In the case of hydrolytic enzymes, which are a major class of biocatalysts with high commercial value, a large number of specific assays have been developed.⁴⁸ A range of colorimetric and fluorimetric assays use p-nitrophenyl, p-nitroanilide, or umbelliferyl derivatised substrates, such as 2-methyl decanoate p-nitrophenyl ester for lipases and N-succinyl-Ala-Ala-Pro-Phe-p-nitroanilide for proteases. Lipases and esterases can also be used as coupling enzymes: synthetic activity detection is then based on the in situ derivatization of acetaldehyde with a particular hydrazine yielding a fluorescent hydrazone.

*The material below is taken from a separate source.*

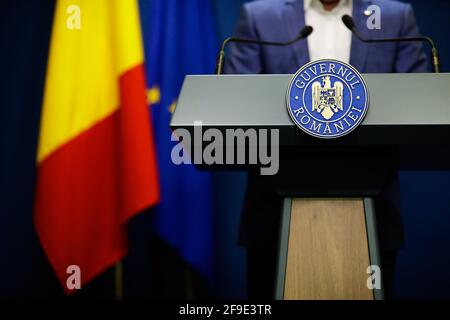 Bukarest, Rumänien - 17. April 2021: Details mit dem Logo der rumänischen Regierung während einer Pressekonferenz eines Politikers. Stockfoto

Indirect assays can be used when specific substrates are not available for activity determination. For instance, acetic acid assays are based on the hydrolysis of an acetate which releases acetic acid. The hydrolysis is then quantified by measuring NADH increase spectrophotometrically at 340 nm after a cascade of reactions. "Adrenaline test" endpoint assays rely on the principle of back-titration. A periodate-resistant substrate is hydrolyzed by the enzyme yielding a periodate-sensitive product which will be oxidised. The activity level is proportional to the decrease in the deep red-colored adrenochrome formed by oxidation of adrenaline by residual periodate. This assay has been used recently to screen epoxyde hydrolases.⁴⁹

To overcome the limitations associated with specific assays and individual high-throughput screening, the ideal solution would be to have en masse universal selection techniques allowing the direct isolation of positive mutants from pools.

2.2. Direct Selection from Mutant Libraries. Selection techniques were first developed to identify binders of a target ligand and are progressively being tailored to direct the evolution of enzymes. These techniques are based on the establishment of a link between each genotype (an easy-to-amplify nucleic acid sequence) and the phenotype it encodes (carried by the protein of interest).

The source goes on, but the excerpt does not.